Task description »
Output nothing but the lines from the one holding "Woman Walking On" to the end of the listing. Reproduce them exactly, without the pictures.
--- Data supplied Enclosed Below ---
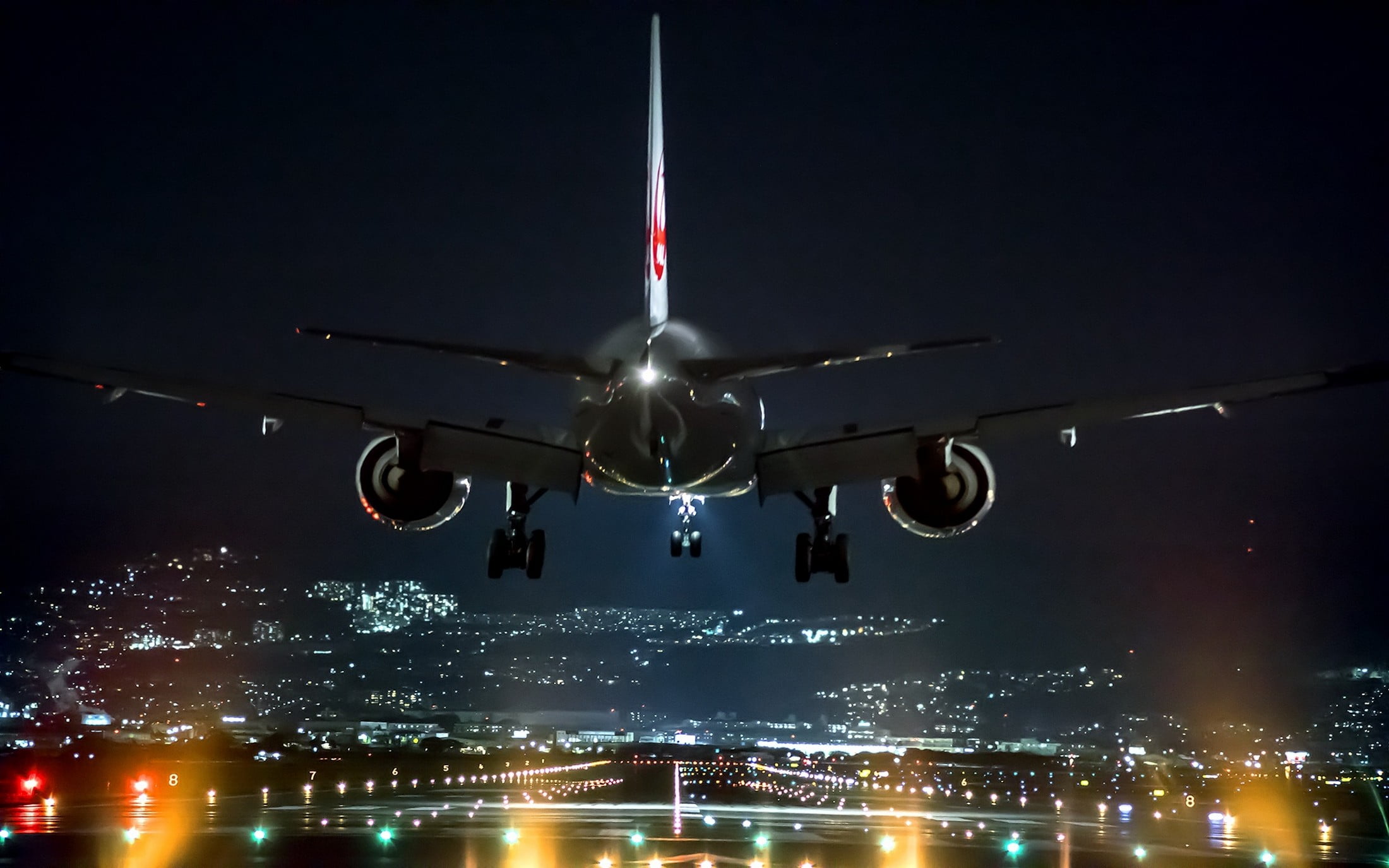 black and white airplane, passenger plane getting ready on runway to land at night time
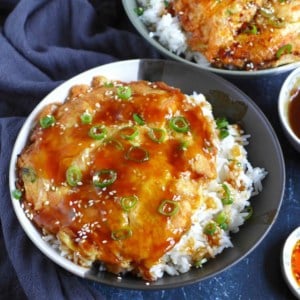 a bowl of rice with egg foo young and brown gravy on top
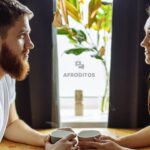 Pareja mirándose con afecto, sentados a una mesa. Consejos para pedir perdón a tu pareja.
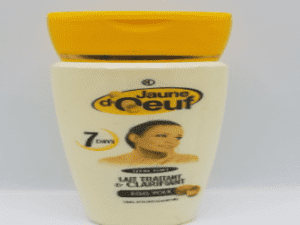 Jar of Jaune d'Oeuf Extra Strong Treatment & Clarifying Milk with a yellow lid, labeled in french, featuring an image of a woman's face on the label.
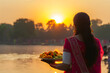 © Alexey - Chhath Puja background. Ancient Sandhya arghya day. Lady near the river to worship Surya, the sun god and his sister Chhathi Maiya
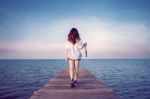 Woman Walking On Wooden Bridge Extended Into The Sea. (vintage Color) Stock Photo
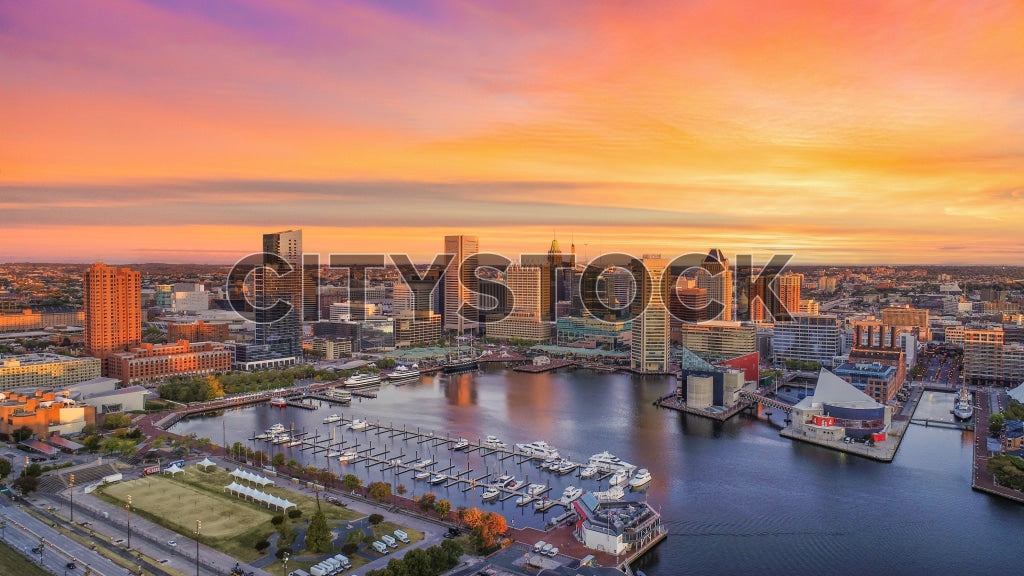 Vibrant sunset over Inner Harbor Baltimore, featuring National Aquarium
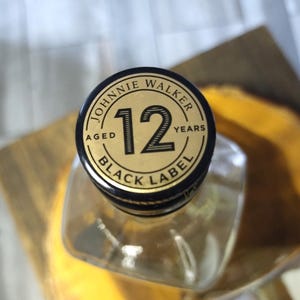 May include: A clear glass bottle with a black and gold cap. The cap reads "JOHNNIE WALKER" and "BLACK LABEL 12 YEARS AGED". The bottle's square shape is partially visible.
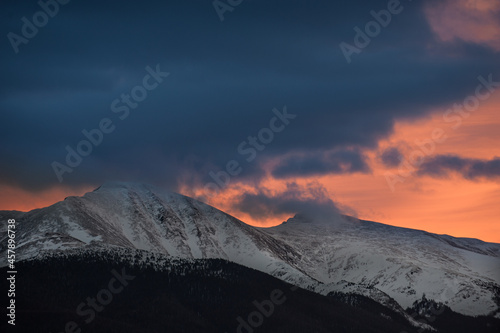 Orange sunset behind foreground clouds and the Continental Divide near Winter Park, Colorado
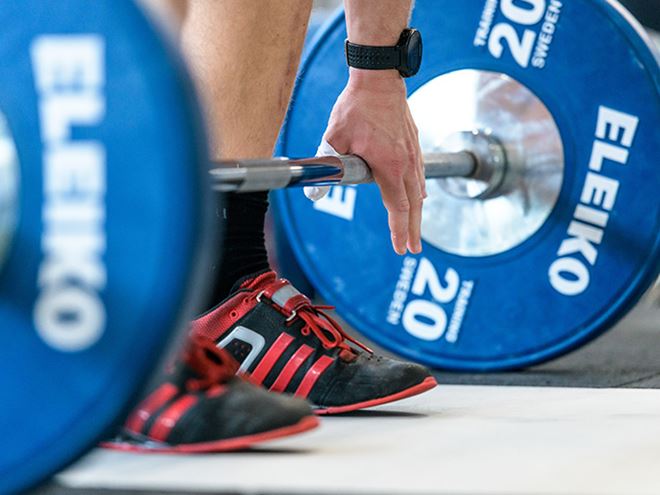 A person standing over a barbell with blue weights on it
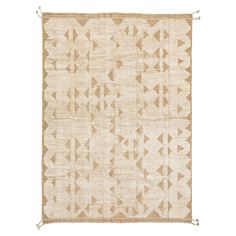 a beige and white rug with an arrow pattern on the front, fringe trimming around the edges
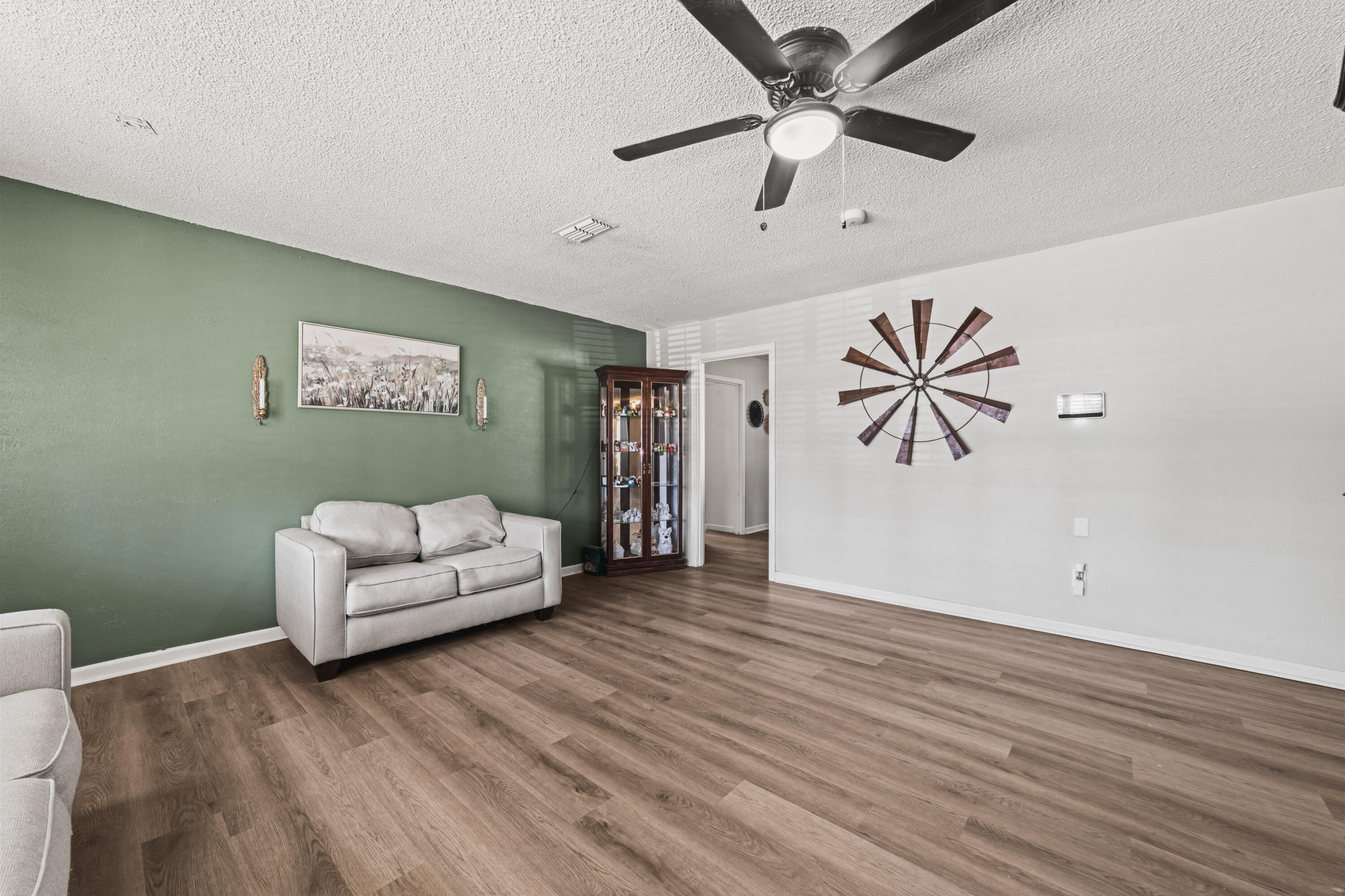 2510 59th Street Lubbock, TX 79413 - Photo 9 of 22 a living room with furniture and a ceiling fan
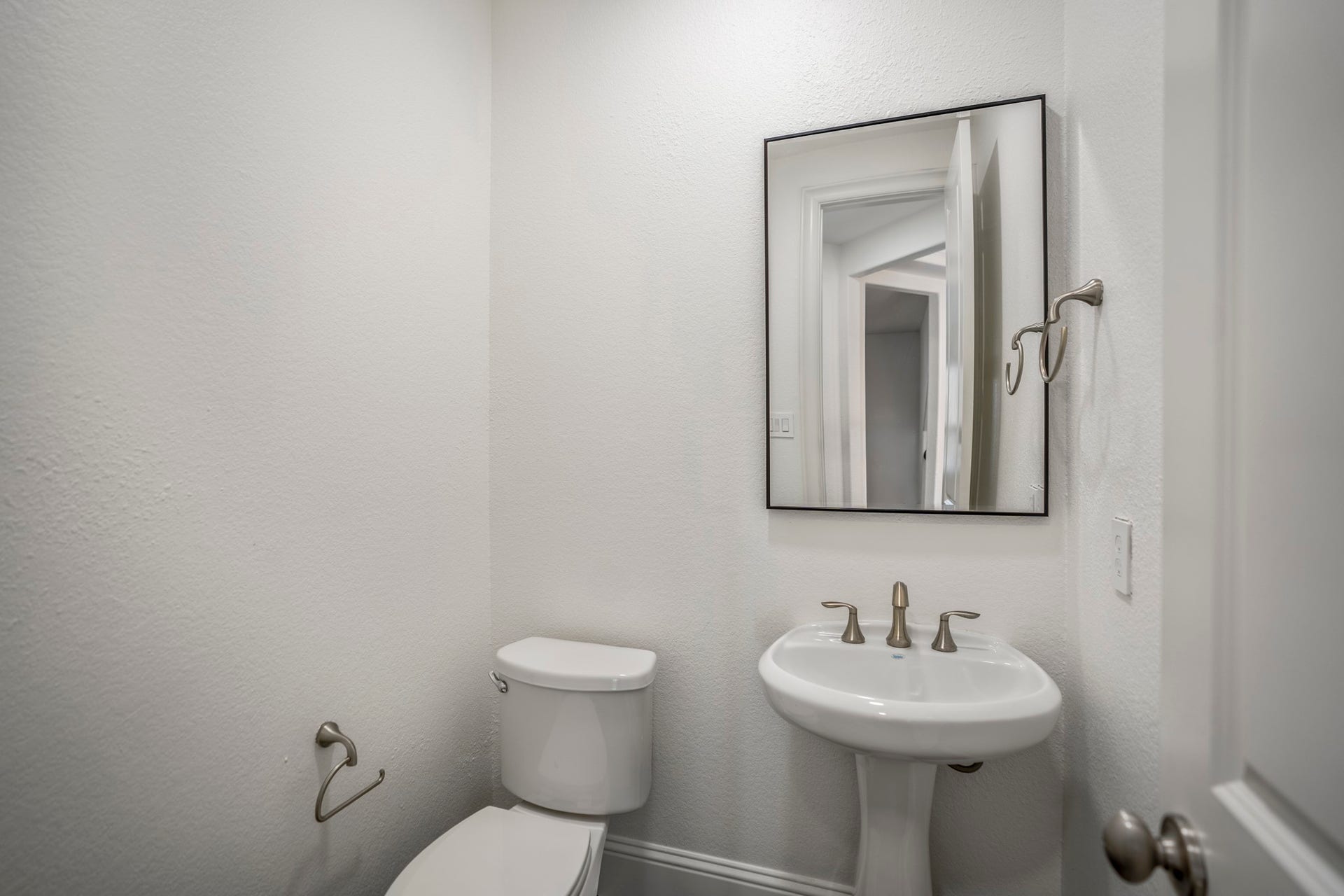 The second floor offers a powder bath, which offers convenient central access, especially from the gameroom.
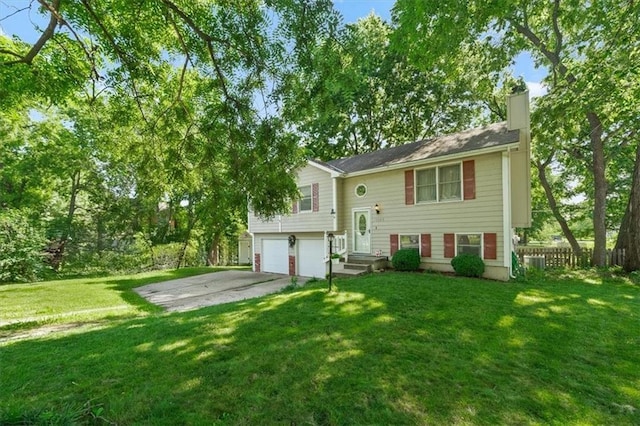 15509 Lawrence Ave, Belton, MO 64012 - raised ranch featuring a chimney, a garage, and driveway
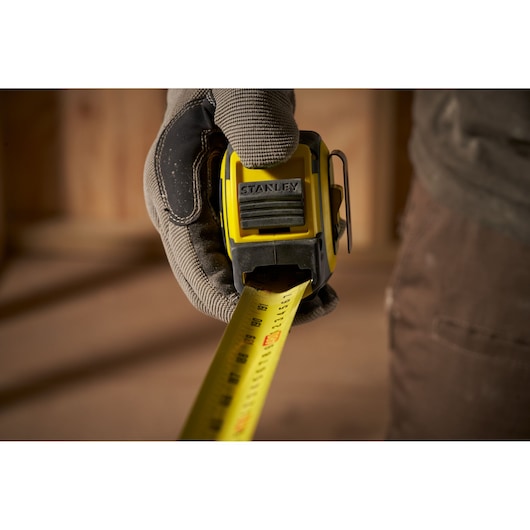 STANLEY FMHT33105 tape measure in use, yellow and black design, held by gloved hand, close-up view.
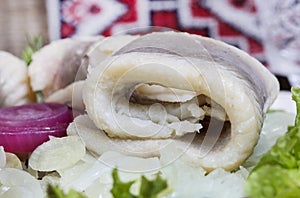 Herring rolls on onion and fresh lettuce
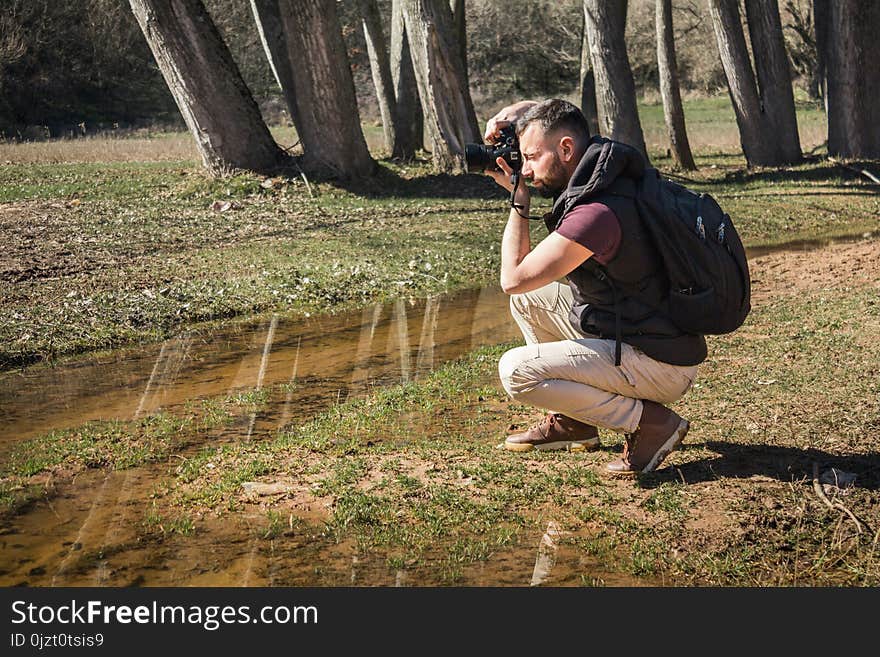 Photographer in nature takes pictures of the landscapes. Young berded man with camera.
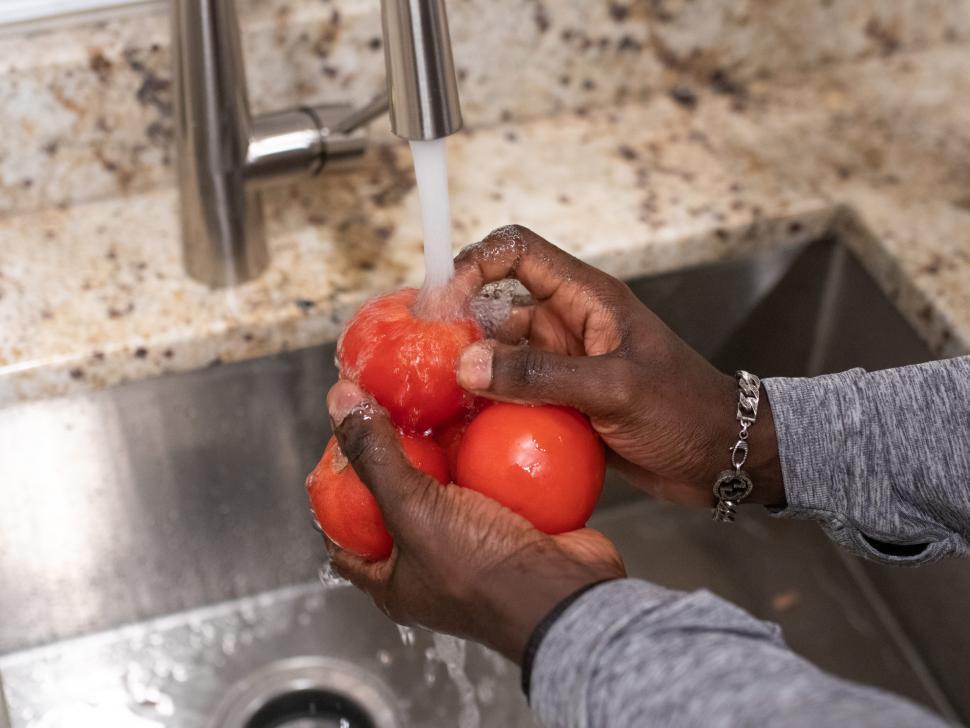 Free Image of Hands and tomatoes under running water 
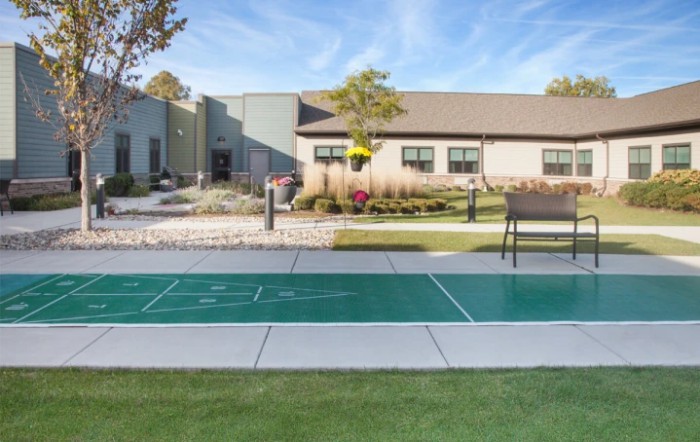 An outdoor shuffleboard court in front of a modern building, surrounded by well-maintained landscaping on a sunny day.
--- End of Enclosed Data supplied ---
Written solution »
 Woman Walking On Wooden Bridge Extended Into The Sea. (vintage Color) Stock Photo
 Vibrant sunset over Inner Harbor Baltimore, featuring National Aquarium
 May include: A clear glass bottle with a black and gold cap. The cap reads "JOHNNIE WALKER" and "BLACK LABEL 12 YEARS AGED". The bottle's square shape is partially visible.
 Orange sunset behind foreground clouds and the Continental Divide near Winter Park, Colorado
 A person standing over a barbell with blue weights on it
 a beige and white rug with an arrow pattern on the front, fringe trimming around the edges
 2510 59th Street Lubbock, TX 79413 - Photo 9 of 22 a living room with furniture and a ceiling fan
 The second floor offers a powder bath, which offers convenient central access, especially from the gameroom.
 15509 Lawrence Ave, Belton, MO 64012 - raised ranch featuring a chimney, a garage, and driveway
 STANLEY FMHT33105 tape measure in use, yellow and black design, held by gloved hand, close-up view.
 Herring rolls on onion and fresh lettuce
 Photographer in nature takes pictures of the landscapes. Young berded man with camera.
 Free Image of Hands and tomatoes under running water 
 An outdoor shuffleboard court in front of a modern building, surrounded by well-maintained landscaping on a sunny day.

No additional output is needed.